No. 10088 Electro-Motive F-3 ABA Diesel Locomotive, heading up the "Super Chief" Streamlined Passenger Train
Atchison, Topeka & Santa Fe Railroad
The heavyweight all-Pullman luxury train “Super Chief” made its first run out of Chicago in May, 1936, representing Santa Fe’s first experiment with diesel-electric power in the form of a 3600 horsepower Electro-Motive non-streamlined 2-unit box cab diesel set that pulled the new train. It was fast—an unprecedented 39-3/4 hour schedule Chicago-Los Angeles, including station stops (2223 miles). Initially, because there was only one set of “Super Chief” equipment, the train made one round trip per week. This train was not streamlined. Its slogan was “Extra-fast, extra-fine, extra-fare.”
For a streamlined version, Santa Fe approached Electro-Motive and the Budd Company. In April, 1937, Santa Fe took delivery of its first 3600 horsepower Electro-Motive E-1 AB streamlined two-unit diesel locomotives. To render color and character to the new E-1 locomotives, Electro-Motive called upon one of its illustrators, Leland Knickerbocker, who developed what became the most famous railroad paint scheme in the world: Santa Fe’s “warbonnet” livery.
There were three basic colors used—red, yellow, and black, which complemented the locomotive’s stainless steel side panels. The yellow oval on red nose treatment was also spectacular. The new air-conditioned lightweight streamlined train was put into service May 18, 1937. Travel time was 39-3/4 hours. The train was a constant sell-out, with the “warbonnet” paint scheme adopted for nearly all future Santa Fe passenger locomotives—and freight locomotives, too, postwar.
The new streamlined Budd cars were of shiny fluted stainless steel - nine cars, 104 passengers and 12 crew, non-articulated. It was America’s first all-Pullman diesel powered streamliner. The architectural talents of Philadelphians Paul Cret and John Harbeson were brought to bear on the cars’ interiors. Using Navajo Indian designs and wood veneers, Cret and Harbeson created artistic interiors like none other, working closely with Chicago-based designer Sterling McDonald and Santa Fe's Roger Birdseye, a noted authority on Southwest Indian lore. Attractions on board included double bedrooms for families, a luxurious passenger lounge with heavily upholstered furniture and settees, an elegant diner seating 36, a handsome cocktail lounge, a barber shop, and a shower room.
In February of 1938, a second “Super Chief” was added, and both were re-equipped and scheduled for twice-weekly service in each direction, as was their companion all-coach train “El Capitan” (see No. 10185).
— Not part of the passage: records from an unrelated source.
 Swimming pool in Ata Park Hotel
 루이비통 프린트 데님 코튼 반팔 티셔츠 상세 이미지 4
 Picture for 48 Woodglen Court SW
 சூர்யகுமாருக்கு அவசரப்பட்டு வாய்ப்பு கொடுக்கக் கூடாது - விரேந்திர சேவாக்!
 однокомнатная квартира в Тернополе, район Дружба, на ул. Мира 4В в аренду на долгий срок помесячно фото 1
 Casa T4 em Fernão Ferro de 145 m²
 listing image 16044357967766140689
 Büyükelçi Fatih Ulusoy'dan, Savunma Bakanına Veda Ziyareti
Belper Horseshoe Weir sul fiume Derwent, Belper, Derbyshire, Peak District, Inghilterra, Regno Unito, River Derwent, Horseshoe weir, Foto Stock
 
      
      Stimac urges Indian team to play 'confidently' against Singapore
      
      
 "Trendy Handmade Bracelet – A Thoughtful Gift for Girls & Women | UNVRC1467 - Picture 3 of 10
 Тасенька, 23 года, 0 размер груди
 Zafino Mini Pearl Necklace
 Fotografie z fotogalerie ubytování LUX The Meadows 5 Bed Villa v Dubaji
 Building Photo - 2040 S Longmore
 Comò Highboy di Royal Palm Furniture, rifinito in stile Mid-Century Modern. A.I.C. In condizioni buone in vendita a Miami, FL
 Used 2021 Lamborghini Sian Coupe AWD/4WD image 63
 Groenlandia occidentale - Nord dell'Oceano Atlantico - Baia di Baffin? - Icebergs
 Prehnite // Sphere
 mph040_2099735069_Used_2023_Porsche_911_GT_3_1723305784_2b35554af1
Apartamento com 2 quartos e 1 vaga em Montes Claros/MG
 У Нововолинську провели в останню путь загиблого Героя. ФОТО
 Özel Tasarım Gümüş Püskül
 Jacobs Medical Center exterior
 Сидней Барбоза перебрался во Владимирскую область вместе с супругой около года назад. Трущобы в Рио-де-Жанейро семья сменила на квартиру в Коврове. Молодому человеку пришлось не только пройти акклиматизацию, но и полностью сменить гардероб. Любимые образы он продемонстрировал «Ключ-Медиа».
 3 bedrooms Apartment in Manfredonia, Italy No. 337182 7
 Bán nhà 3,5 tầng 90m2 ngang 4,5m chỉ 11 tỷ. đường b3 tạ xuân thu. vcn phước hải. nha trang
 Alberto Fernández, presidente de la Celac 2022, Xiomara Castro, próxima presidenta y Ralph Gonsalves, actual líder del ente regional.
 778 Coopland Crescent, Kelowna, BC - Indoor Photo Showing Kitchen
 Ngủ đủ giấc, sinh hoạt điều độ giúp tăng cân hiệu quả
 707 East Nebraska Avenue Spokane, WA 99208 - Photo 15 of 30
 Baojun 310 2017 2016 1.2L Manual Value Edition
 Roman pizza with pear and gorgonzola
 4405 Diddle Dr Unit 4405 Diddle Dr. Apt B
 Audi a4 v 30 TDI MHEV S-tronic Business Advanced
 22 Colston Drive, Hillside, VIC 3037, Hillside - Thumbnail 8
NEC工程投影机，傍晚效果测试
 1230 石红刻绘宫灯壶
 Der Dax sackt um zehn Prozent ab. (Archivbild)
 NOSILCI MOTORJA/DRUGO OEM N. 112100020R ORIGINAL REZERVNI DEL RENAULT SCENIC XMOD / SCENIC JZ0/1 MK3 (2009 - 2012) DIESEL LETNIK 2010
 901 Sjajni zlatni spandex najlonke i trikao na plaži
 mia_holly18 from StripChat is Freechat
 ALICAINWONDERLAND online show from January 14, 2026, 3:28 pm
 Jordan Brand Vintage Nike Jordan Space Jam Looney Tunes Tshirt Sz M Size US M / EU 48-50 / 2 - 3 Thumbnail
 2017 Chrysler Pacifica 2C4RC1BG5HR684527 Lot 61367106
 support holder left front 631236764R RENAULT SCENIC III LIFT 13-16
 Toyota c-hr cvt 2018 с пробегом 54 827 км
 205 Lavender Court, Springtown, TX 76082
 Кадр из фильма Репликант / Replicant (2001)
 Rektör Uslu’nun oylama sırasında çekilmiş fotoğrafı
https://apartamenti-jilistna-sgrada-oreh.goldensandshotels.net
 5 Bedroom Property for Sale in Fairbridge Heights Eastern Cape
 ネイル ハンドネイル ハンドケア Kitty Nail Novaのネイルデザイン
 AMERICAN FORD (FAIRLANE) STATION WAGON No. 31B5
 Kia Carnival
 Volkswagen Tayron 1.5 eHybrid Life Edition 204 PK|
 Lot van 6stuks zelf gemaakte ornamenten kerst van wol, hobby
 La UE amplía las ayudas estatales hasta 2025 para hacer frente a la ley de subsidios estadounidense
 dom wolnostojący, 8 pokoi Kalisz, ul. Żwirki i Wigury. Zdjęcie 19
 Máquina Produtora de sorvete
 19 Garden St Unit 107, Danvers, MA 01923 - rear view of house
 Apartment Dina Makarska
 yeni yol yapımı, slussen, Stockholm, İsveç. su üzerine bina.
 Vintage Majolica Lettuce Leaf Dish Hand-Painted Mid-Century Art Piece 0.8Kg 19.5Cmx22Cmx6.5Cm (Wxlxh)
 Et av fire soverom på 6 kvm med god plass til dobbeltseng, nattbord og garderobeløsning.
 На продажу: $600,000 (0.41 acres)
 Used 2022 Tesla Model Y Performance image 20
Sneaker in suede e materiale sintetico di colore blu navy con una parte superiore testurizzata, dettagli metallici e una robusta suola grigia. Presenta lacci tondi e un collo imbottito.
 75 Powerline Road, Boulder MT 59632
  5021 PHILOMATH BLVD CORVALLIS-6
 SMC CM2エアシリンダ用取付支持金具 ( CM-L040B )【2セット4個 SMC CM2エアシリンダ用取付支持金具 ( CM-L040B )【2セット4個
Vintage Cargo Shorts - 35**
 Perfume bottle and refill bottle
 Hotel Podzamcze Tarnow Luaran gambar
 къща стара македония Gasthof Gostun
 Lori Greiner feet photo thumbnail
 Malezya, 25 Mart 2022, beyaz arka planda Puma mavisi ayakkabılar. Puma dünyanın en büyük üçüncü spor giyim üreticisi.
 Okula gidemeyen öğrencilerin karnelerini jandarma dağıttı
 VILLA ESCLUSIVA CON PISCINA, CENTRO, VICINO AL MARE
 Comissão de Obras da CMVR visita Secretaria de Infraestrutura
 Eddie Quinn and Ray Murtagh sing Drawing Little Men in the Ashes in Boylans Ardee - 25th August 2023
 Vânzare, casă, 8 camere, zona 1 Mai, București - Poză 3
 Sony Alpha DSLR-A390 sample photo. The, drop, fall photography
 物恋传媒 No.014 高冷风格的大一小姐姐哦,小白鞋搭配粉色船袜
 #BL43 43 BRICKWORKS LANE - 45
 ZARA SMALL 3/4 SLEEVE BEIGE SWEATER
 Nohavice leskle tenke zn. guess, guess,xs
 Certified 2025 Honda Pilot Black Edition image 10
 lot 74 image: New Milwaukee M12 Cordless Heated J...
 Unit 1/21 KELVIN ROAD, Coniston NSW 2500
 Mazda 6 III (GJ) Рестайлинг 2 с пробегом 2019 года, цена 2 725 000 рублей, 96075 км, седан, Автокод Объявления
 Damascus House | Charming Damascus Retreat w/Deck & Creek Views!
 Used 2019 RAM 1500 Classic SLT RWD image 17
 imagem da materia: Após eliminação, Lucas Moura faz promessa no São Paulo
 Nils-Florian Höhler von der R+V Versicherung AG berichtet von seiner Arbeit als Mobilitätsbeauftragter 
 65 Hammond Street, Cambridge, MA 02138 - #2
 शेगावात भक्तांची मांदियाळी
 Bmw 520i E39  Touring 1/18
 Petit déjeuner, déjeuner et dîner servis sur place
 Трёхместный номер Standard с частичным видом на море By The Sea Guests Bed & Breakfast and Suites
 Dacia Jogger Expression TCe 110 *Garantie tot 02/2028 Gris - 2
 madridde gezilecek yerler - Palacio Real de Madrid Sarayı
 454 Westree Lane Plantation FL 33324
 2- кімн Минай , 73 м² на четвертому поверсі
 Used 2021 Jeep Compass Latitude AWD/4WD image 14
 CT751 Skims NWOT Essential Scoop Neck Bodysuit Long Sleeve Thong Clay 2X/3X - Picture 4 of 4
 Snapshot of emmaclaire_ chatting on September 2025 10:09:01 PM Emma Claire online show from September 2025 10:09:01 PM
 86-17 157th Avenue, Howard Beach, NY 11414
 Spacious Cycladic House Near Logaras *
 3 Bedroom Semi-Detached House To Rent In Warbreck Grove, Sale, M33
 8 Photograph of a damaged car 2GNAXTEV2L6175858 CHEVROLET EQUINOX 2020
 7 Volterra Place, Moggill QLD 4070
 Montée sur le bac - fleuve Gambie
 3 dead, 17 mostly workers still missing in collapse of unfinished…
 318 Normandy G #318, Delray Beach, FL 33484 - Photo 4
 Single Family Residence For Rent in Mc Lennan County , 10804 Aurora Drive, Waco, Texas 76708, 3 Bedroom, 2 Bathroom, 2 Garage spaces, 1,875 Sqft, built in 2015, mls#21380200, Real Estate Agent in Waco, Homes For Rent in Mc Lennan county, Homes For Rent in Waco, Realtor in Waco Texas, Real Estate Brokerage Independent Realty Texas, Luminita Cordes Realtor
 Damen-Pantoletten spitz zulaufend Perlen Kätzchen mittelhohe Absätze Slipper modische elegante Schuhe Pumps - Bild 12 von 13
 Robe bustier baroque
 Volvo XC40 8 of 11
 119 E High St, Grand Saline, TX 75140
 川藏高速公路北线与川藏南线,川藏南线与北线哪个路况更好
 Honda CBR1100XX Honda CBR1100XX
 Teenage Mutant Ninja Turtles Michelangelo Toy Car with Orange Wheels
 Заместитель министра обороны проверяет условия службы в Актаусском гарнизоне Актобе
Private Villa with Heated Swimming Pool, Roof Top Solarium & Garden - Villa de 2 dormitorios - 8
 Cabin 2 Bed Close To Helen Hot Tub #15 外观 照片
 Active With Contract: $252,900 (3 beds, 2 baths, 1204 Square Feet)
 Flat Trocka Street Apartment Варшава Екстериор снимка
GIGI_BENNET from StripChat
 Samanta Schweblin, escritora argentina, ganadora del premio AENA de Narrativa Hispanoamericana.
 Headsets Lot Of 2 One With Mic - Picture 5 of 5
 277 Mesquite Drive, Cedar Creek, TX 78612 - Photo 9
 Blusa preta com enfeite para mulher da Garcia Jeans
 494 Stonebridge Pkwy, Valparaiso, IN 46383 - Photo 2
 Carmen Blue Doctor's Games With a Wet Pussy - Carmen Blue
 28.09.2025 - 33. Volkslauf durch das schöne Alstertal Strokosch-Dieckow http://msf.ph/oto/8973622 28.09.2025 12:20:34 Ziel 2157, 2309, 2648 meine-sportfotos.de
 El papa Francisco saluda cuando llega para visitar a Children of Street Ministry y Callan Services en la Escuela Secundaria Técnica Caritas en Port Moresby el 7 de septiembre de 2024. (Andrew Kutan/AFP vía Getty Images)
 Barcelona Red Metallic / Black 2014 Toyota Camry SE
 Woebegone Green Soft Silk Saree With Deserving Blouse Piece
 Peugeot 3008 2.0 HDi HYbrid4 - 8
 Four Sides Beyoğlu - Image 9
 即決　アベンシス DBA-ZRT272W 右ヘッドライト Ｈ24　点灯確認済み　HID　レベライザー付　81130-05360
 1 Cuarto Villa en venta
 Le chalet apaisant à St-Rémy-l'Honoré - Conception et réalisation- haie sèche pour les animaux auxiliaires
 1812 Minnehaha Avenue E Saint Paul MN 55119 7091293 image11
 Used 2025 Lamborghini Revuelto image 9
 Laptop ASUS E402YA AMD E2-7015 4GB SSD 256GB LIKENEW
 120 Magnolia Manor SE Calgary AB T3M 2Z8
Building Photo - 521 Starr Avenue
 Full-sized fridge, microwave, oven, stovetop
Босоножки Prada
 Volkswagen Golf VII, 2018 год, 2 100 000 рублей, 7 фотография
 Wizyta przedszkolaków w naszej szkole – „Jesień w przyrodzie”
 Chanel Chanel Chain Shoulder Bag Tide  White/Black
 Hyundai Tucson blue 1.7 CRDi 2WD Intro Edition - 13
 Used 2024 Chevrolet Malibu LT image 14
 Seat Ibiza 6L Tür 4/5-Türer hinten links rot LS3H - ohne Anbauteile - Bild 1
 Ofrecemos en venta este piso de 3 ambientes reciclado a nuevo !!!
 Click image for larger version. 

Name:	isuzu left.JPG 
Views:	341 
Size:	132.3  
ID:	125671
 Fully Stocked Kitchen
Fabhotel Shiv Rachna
In 1947, Santa Fe introduced Electro-Motive’s newly designed 4000 horsepower (both units) E-7 AB twin-unit diesel locomotives, then in 1951 came the novel Pleasure Dome lounge cars from Pullman-Standard. By February of 1948, the trains were running daily from Chicago and Los Angeles.
The “Super Chief” featured outstanding service (with "El Capitan's " coaches (No. 10185) added after 1958) right up to Amtrak's arrival May, 1971, representing the end of the Santa Fe passenger service. Amtrak continued to use the “Super Chief” name on its trains 3 and 4 between Chicago and Los Angeles until 1974, when the name was dropped
No. 10088 represents an accurate semi-scale model of Santa Fe’s F-3 ABA diesel locomotive in “O” gauge by MTH, with its seven-car streamlined train (Nos. 10089, 10090, and 10091), as it would have been seen as the “Super Chief” in the 1950s and 1960s.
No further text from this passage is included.